С конца 1930‐х годов последователь Ч. С. Пирса американский семиотик Ч. Моррис разрабатывает бихевиористскую теорию, описывающую искусство как пространство иконических знаков, имеющих особую «значимость» (value). Иконичность в его концепции отличается от простого подобия означающего означаемому:

Иконический знак обозначает любой предмет, у которого есть свойства (на практике – выборочные свойства), которыми обладает сам знак. Поэтому, когда интерпретатор воспринимает носитель иконического знака, он воспринимает напрямую ровно то, что им обозначается [Morris 1939: 420–421].

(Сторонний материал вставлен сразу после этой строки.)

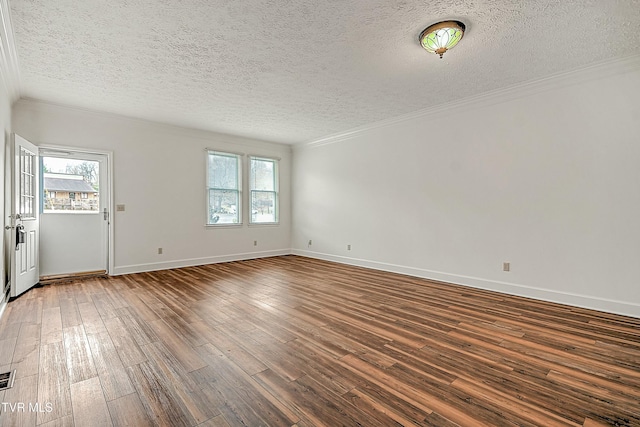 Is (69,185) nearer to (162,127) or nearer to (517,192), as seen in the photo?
(162,127)

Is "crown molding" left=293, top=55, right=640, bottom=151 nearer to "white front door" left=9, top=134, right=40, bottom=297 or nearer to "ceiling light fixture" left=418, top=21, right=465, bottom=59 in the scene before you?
"ceiling light fixture" left=418, top=21, right=465, bottom=59

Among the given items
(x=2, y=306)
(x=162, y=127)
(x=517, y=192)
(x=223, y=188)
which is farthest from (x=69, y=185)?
(x=517, y=192)

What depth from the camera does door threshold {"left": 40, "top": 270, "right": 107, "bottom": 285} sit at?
15.4ft

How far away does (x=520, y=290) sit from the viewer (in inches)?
A: 157

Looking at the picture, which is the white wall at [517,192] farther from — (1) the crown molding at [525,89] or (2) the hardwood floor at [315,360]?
(2) the hardwood floor at [315,360]

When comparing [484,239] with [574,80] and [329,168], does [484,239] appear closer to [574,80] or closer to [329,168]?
[574,80]

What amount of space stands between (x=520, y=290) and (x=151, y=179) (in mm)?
6196

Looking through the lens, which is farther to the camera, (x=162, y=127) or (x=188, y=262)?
(x=188, y=262)

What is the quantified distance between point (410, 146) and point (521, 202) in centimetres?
193

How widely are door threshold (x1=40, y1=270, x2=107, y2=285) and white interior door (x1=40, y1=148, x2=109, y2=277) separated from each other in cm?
4

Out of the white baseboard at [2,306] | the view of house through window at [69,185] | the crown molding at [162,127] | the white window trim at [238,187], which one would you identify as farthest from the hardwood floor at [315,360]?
the crown molding at [162,127]

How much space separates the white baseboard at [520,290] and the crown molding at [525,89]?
2.51 m

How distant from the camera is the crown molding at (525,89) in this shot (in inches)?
130

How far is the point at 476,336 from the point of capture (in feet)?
8.85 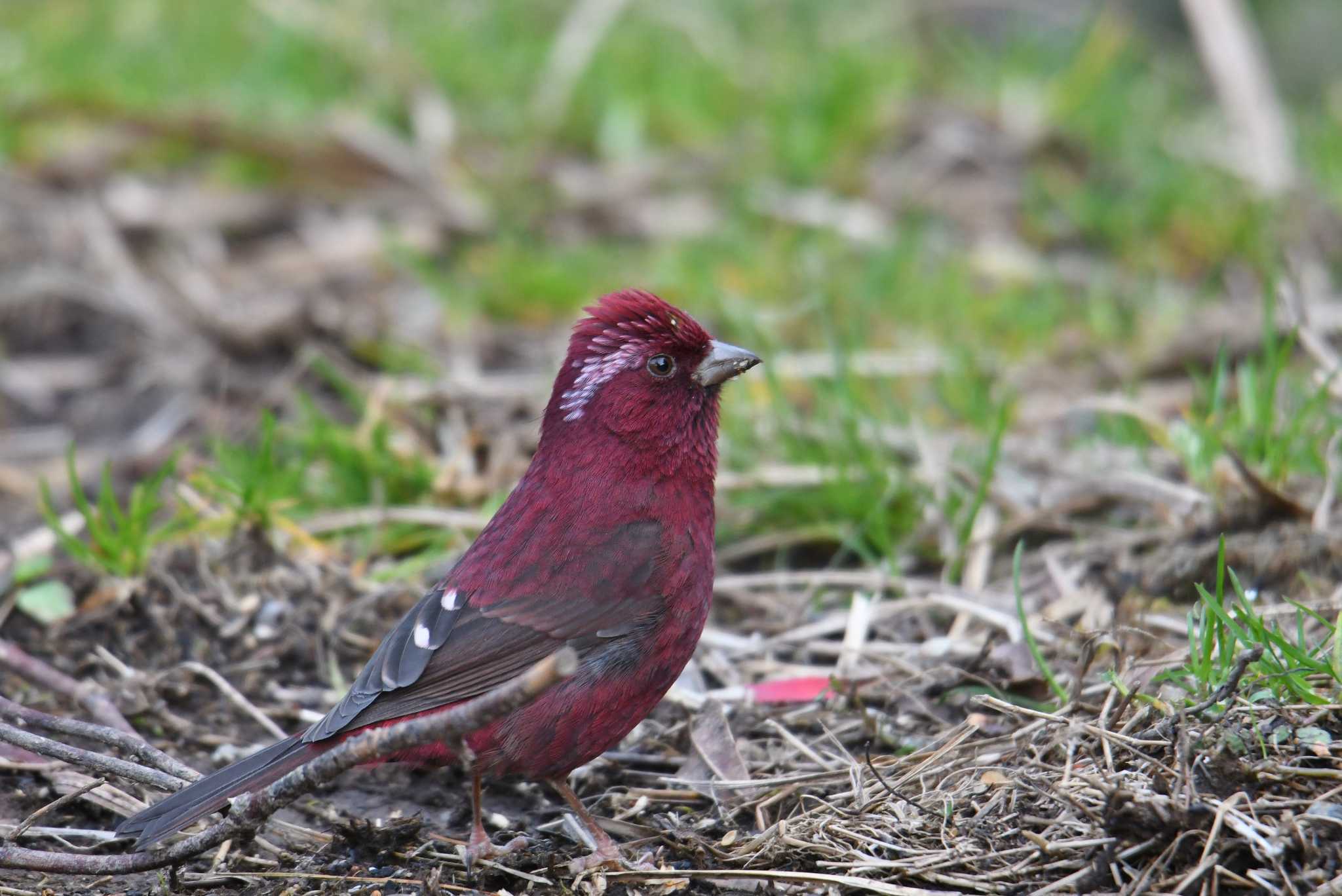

Но иконичность, подчеркивается здесь, – недостаточная характеристика художественного, поскольку она сама по себе определяет вообще любую разновидность пикториальной репрезентации (например, дорожный знак тоже иконичен). Лишь когда десигнат иконического знака становится «ценностной значимостью» (value), знак делается эстетическим: «Эстетический знак – это иконический знак, десигнатом которого является значимость» [ibid.]. Значимость не содержится в объектах как таковых, а порождается актом восприятия. Такая концепция помещает эстетический знак в процесс интерпретации, увязывая тем самым два измерения знаковых систем – семантическое и прагматическое.

Казалось бы, предпосылка Мукаржовского об «автономности» эстетического знака и тезис Морриса об обязательной связи знака с интерпретатором противоречат друг другу. Но в действительности обе теории оказываются взаимодополнительными в описании семиотической природы художественного. Ведь, с одной стороны, в теории американского семиотика указывается на то, что перцепция художественного знака сосредоточена на самой иконичности, то есть самотождественности этого знака, и этим отличается от перцепции иных знаков. С другой стороны, чешский семиотик искусства не отрицает совместного действия коммуникативной и эстетической функций языка в произведении искусства. Хотя в дальнейшем взгляды обоих ученых на природу эстетического и иконического претерпели некоторые изменения, отмеченные нами идеи заложили основу послевоенной семиотической эстетики как на Западе, так и в Советском Союзе.

Попыткой рассмотреть семиотику искусства в фокусе аналитической философии языка была теория американского философа Н. Гудмена. В книге «Языки искусства: подход к теории символов» [Goodman 1968] он провел различие между вербальным языком как знаковой системой и репрезентативными невербальными знаковыми системами. Хотя в названии книги используется популярная к тому моменту формула «язык искусства», в действительности автор склонен скорее развести эти понятия и саму семиотическую природу этих систем. Как отмечает Н. В. Смолянская в диссертации об этой теории,

концепция Н. Гудмена открывает возможность создания семиотики искусства, не построенной на лингвистической парадигме [Смолянская 2005].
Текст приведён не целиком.